Using DeepLabCut, we are able to extract biomechanical measurements from the video of a horse as it walks from left to right. These biomechanical features are used to create a video of the horse. Like the video of the cardio above, we are then able to train a neural network to learn the difference between elite and non-elite racehorses based on the video of their walk and use the probability provided by the neural network as a variable in our final Sales Selection algorithm. (see our contribution to DeepLabCut Here)
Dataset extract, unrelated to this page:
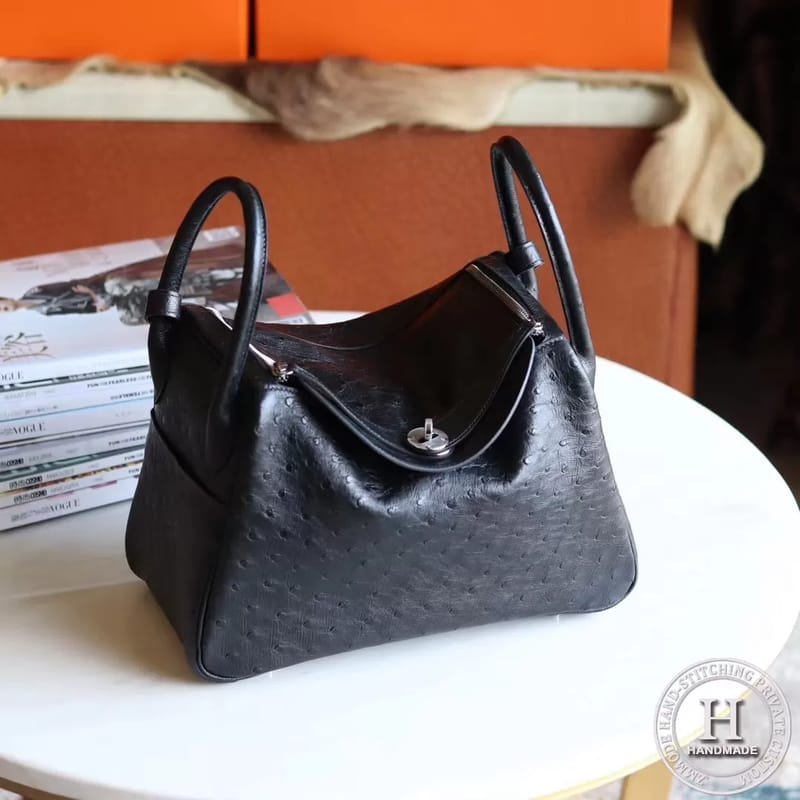 Lindy 30 89 Noir ostrich PHW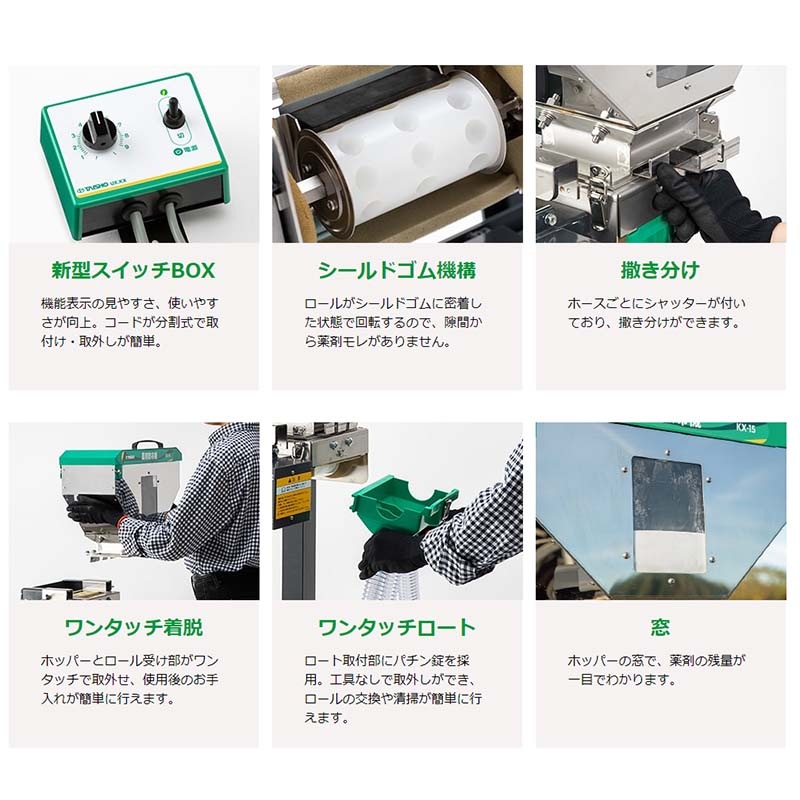 薬剤散布機 KX-15-3 24597 ホース3本 微粒剤 ロール繰り出し方式 散布機 タイショー オK 個人宅配送不可 代引不可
The Sales Selection Algorithm
Our final Sales Selection algorithm that we have developed uses Google's AutoML Tables, to create the best possible algorithm to predict future outcomes. AutoML Tables has the advantage of completing feature engineering of the data (normalizing, etc) and creating new features in the data for use. AutoML Tables then searches through Google’s model zoo for structured data to find the best model for the data, ranging from linear/logistic regression models for simpler datasets to advanced deep, ensemble, and architecture-search methods for larger, more complex ones.
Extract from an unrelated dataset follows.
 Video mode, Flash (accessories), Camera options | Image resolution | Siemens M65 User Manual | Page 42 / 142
The data that we provide to create our final predictive algorithm will consider not only the probability variables from the cardio and biomechanics videos but also the genetic markers associated with sprinting or distance racing and determine if the size, biomechanics and cardiovascular parameters fit. Often we see horses that are mismatches, or 'all dressed up with nowhere to go" where the cardiovascular type is totally different to the genotype (i.e a sprinter genotype with a staying cardio) and the algorithm will score these types of horses poorly.
The Sales Selection algorithm is a robust algorithm that is able to consider many different types of horses. That said, we are still heavily reliant on 'trainer effect' which is a large component of the outcome of every horse.
The Sales Selection algorithm can be used on a horse once it reaches 12 months of age, but the later the horse is measured, the more accurate it is.